ビットコインやイーサリアムは、ネットワークを構成するノードが基本的に全て同じデータを保有している。

1万を超えるノードが同一のデータを保有しているため、仮に数十〜数百のノードが不正を行なったり外部から攻撃を受けてダウンした場合でも、その他の数千のノードが稼働していることでネットワークの安全性を維持することが可能だ。こうすることでビットコインやイーサリアムは耐改ざん性を実現している。

しかしながら、全てのノードが同一のデータを保有しているばかりにスケーリング性能を高めることができていない。トランザクションに不正がないかどうかを確かめるためには、1万を超える全てのノードにデータが行き渡るのを待たなければならないからだ。

これが、スケーラビリティ問題の根本的な原因である。これに対してアバランチは、全てのノードが同一のデータを保有せずに済む仕組みを開発した。この仕組みは「アバランチコンセンサス」と呼ばれている。

ビットコインやイーサリアムでは、全てのトランザクションに対して全てのノードが承認作業を行わなければならない。そのため、全てのノードが同一のデータを保有することになっているわけだが、アバランチではノードが承認するトランザクションを一部に限定する仕組みを採用している。要するにこれは効率化の考え方だ。

ビットコインやイーサリアムが、全てのトランザクションに対して全てのノードで承認作業を行なっているのは、より確実な承認作業を行うためである。

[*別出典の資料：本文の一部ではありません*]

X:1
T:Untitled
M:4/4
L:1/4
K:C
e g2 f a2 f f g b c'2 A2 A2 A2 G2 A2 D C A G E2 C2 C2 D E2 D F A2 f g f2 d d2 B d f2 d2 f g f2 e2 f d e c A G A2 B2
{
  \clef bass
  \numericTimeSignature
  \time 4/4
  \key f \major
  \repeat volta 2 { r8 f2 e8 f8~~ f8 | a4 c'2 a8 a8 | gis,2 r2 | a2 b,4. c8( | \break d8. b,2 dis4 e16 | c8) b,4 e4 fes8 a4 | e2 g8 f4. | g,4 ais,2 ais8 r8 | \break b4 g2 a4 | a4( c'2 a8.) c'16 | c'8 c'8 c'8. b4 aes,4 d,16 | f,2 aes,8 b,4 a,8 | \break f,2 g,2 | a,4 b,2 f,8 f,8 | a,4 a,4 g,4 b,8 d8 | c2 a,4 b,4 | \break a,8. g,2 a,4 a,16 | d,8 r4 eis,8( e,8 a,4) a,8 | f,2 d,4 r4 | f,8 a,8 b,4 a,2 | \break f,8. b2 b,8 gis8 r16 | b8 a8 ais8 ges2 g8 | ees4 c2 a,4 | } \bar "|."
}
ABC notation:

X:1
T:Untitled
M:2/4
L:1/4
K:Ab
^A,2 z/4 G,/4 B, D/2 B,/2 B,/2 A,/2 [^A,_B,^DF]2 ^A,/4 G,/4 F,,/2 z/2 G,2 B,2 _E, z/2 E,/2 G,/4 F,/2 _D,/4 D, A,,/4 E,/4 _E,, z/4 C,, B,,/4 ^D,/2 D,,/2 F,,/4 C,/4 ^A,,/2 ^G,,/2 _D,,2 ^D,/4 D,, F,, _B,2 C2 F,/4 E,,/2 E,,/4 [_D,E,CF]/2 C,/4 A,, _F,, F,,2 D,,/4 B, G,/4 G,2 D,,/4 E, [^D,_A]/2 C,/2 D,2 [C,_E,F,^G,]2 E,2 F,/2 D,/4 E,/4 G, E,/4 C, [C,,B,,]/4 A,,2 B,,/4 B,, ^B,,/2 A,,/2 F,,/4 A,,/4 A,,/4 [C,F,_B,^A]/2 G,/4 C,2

しかしながら、1万を超えるノードが承認作業を行わずとも、例えば1000個のノードが承認作業をすれば十分ではないか、という発想からアバランチコンセンサスは誕生している。

こうすることで、同時に複数のトランザクションを承認(並列処理)することができるようになり、1秒あたりに処理できるトランザクションの数が飛躍的に上昇したのだ。

DeFiを含むあらゆる金融業界では、全世界で1秒あたりに数え切れないほどのトランザクションが発生している。既存のブロックチェーンではこの需要に応えることができないため、アバランチは並列処理を実現することでDeFiの普及をサポートしているのだ。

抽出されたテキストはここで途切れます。